Some of the best benefits of social platforms are the ability to share ideas and make connections. My article last week on nonprofit office space resonated with many, and so we highlight some of that discussion here.
Otto Beatty, a local entrepreneur, attorney, and business advisor, elevated the conversation on tax deductibility of landlords/building owners offering space at below market rate. Amy Ciminello-Sauner, CPA at Plante & Moran, weighed in to offer clarity. The bottom line is, “for IRS purposes, free/discounted rent is nondeductible for federal income tax purposes.” There may be property tax benefits depending on the state, but the incentive isn’t in the tax code, it’s in meeting community need.
Omar Elhagmusa, Senior Leader at IFF, challenged the assumption that nonprofits have to “depend on the goodwill of landlords,” because ownership of real estate can be a powerful tool. He’s right.

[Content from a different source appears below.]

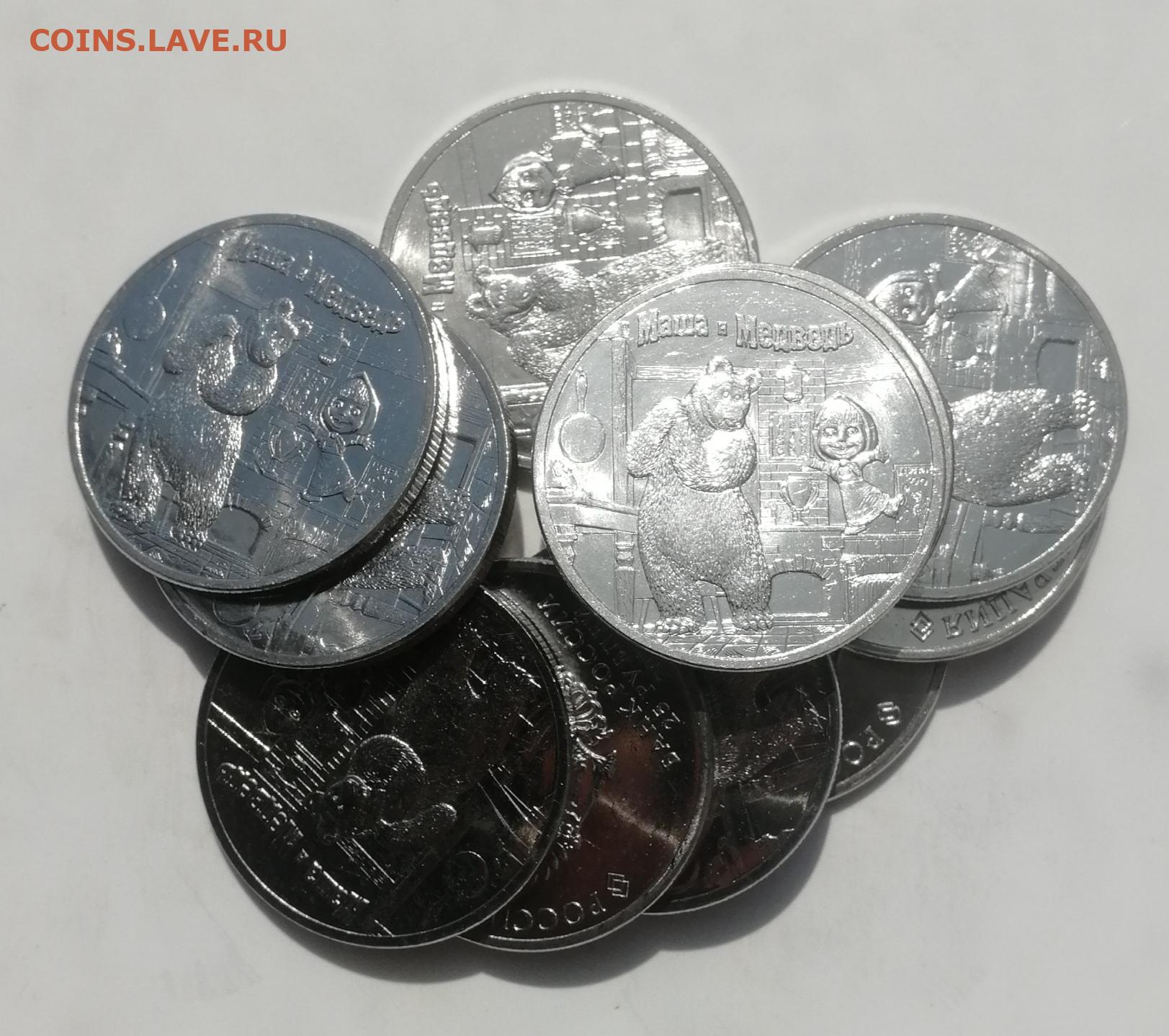 5 рублей 2021. 25 Рублей 2021г монета. 25 Рублей монета 2022. Монета 25 рублей Антошка 2022. 25 Рублей монета 2022 Гагарин.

While owning property isn’t always the right answer, it can be a game changer.
I was reminded of MadLab, a small nonprofit theatre based in downtown Columbus and one of our former clients. Their venue was leased. It was funky but it worked, and they put a lot of sweat equity into making it their own. About 11 years ago, they lost their space because the building owner had more lucrative options. The leadership at MadLab decided to take control and buy their own theatre. I did not think it was feasible but their leadership, including Jennifer Barlup, was steadfast in their belief. To their total credit, they found a downtown location that was visible, accessible, and affordable. A decade later, they own a building, control their own destiny, and given property values, certainly must have tremendous equity that can be used to advance their mission. They continue to be an artistic haven for the creation and experience of original works, and building ownership is a big part of their story.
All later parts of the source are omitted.